** Opening Task data block **
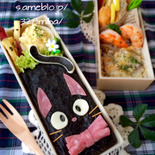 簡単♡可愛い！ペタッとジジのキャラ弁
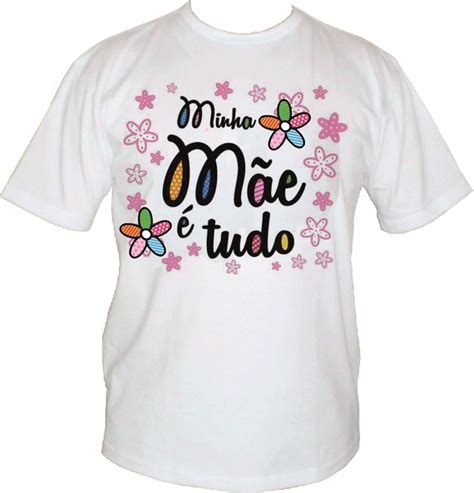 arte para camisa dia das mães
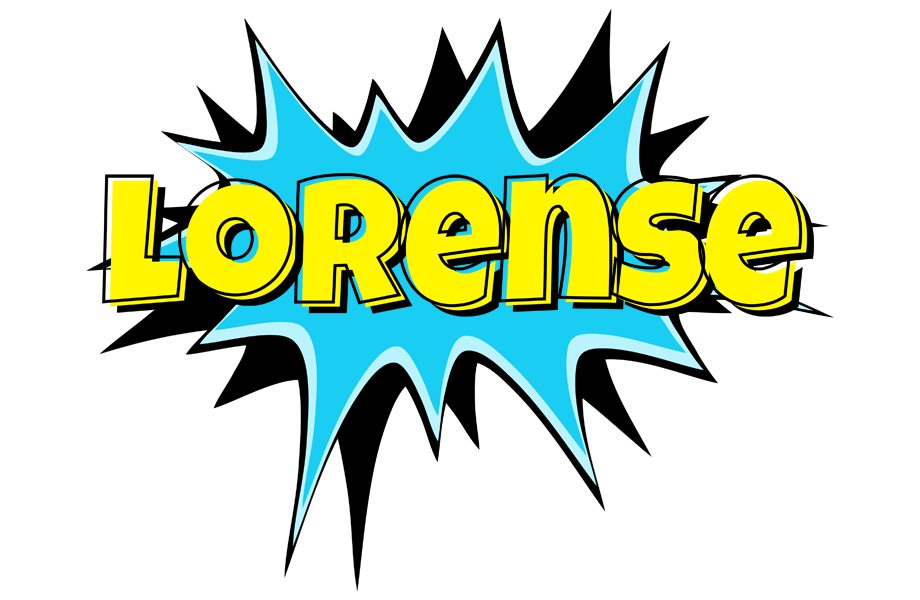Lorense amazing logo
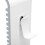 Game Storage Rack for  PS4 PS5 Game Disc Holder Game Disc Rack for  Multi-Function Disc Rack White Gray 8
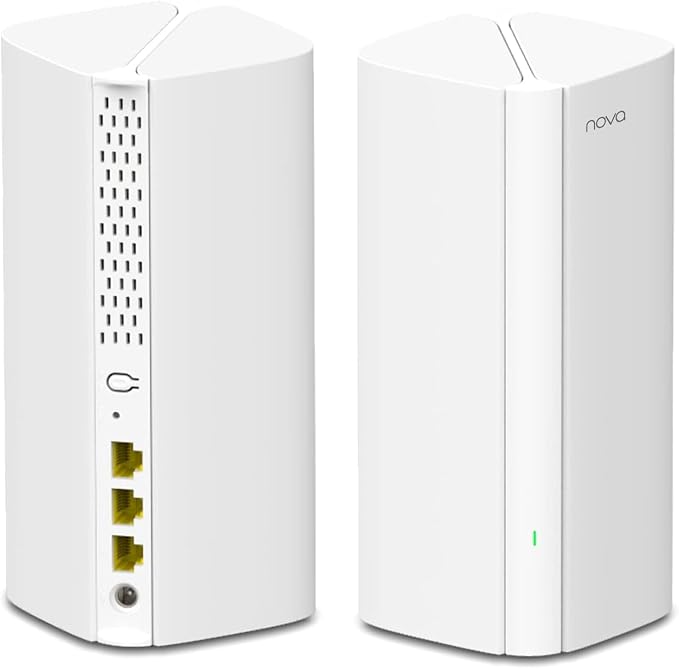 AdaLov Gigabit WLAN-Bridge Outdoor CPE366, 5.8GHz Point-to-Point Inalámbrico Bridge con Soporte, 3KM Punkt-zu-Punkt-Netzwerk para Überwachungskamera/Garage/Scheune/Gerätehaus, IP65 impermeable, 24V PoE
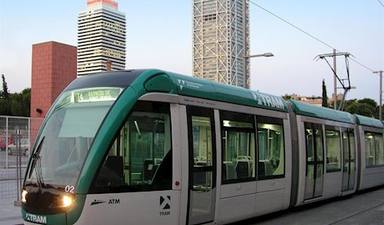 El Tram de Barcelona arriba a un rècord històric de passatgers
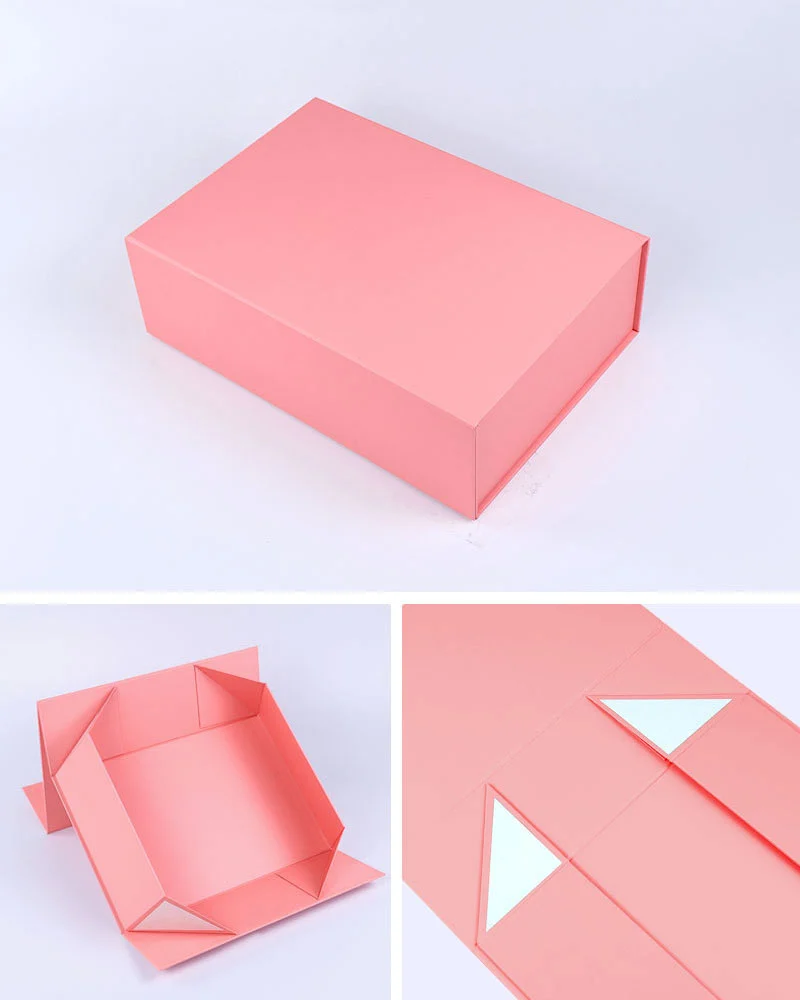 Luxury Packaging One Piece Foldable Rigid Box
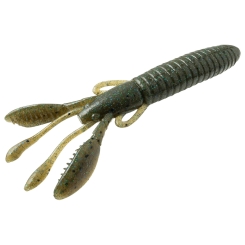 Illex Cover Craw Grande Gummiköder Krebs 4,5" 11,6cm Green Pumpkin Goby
** Closing Task data block **
• _Exercise brief_
Transcribe only the lines from the line holding "El Tram de Barcelona" to the final line of the listing above. Keep them exact, include both ends, and skip the pictures.

• _Solution to this exercise_
 El Tram de Barcelona arriba a un rècord històric de passatgers
 Luxury Packaging One Piece Foldable Rigid Box
 Illex Cover Craw Grande Gummiköder Krebs 4,5" 11,6cm Green Pumpkin Goby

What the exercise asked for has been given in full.